Thoughts? reviews are welcome
TIA

I am also considering taking a CC course to learn some things that I definitely don't know. What are the costs of something like that?


----------



## Baker8425 (Jul 2, 2012)

Wirelessly posted

I've shot the shield in 9mm good gun. Dad has one. Personally if I was gonna get a 9mm if go for a kahr in the same price range, I thought it was a little more accurate. For carry I'd rather have a .40 though...


----------



## Travis Gill (Oct 6, 2007)

I have a Shield in .40 and absolutely love it.


----------



## Bravo87 (Jun 19, 2014)

Prefer the .40 and a ccw class will run you about $60


----------



## duckhunter38135 (Nov 27, 2014)

The wife has one in 9. Sweet little gun, Ergos are great. Trigger is very good, and gun is accurate and light. 

Get the extended mag if not included. I'd also swap out the sights. 

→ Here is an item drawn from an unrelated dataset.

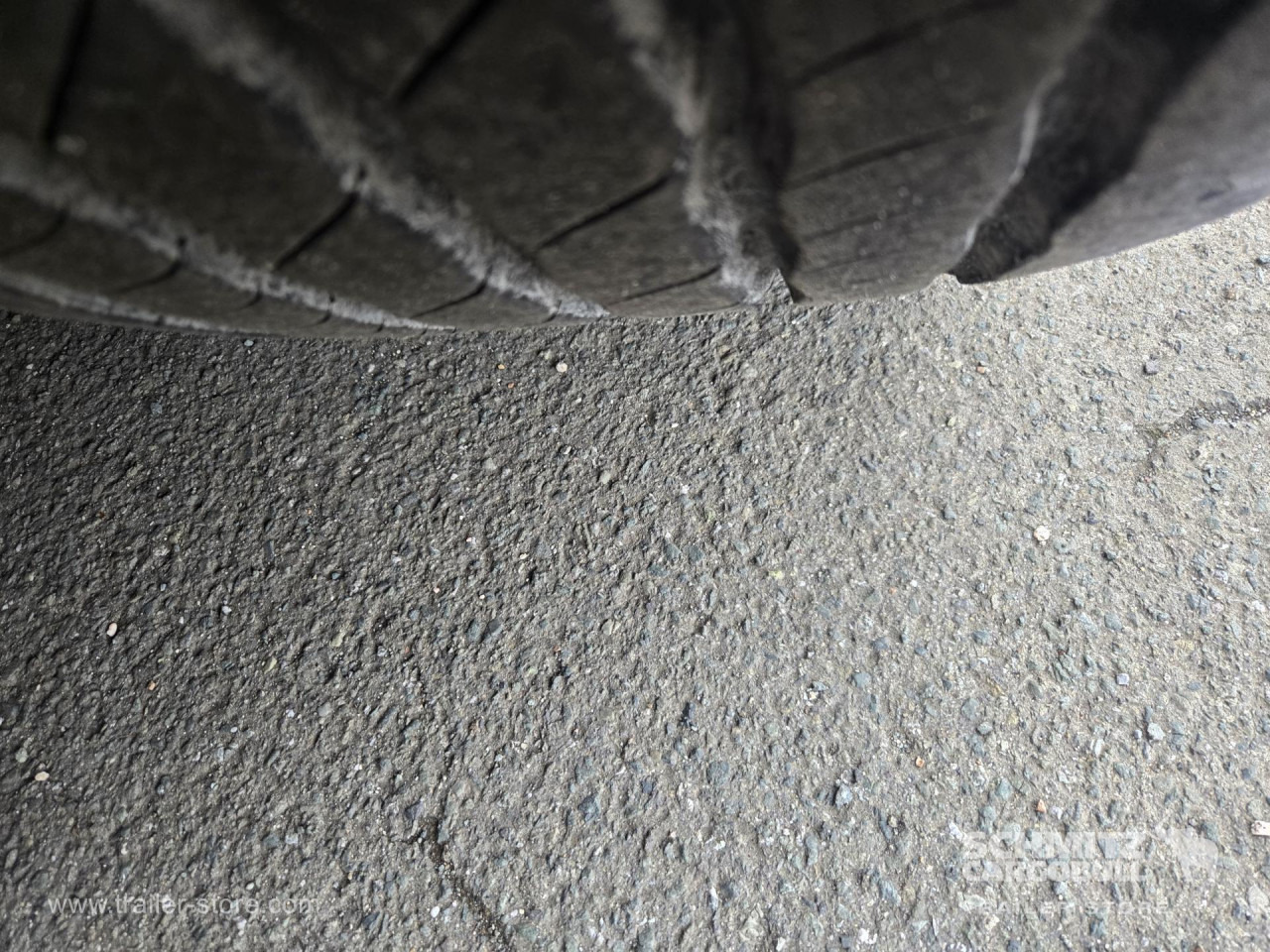 SCHMITZ Curtainsider Standard - Тентованный полуприцеп: фото 4 SCHMITZ Curtainsider Standard - Тентованный полуприцеп: фото 4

Disassembly is a little tricky at first. Finally learned you got to rack the slide hard to line up the slots.


----------



## submariner (Oct 2, 2007)

If you plan to carry, you should definitely do a concealed weapons course. and get a permit. Save a lot of headaches if you ever have to use it or are stopped. Some states will give credit if you have been in the service and been trained there. definitely get the permit.


----------



## BnB (Jun 24, 2014)

I'm definitely going to get a CC permit


----------



## duckhunter38135 (Nov 27, 2014)

Check out alien hear holster too. Hybrid IWB holsters that conceal very well and are very comfortable. God warranty and affordable.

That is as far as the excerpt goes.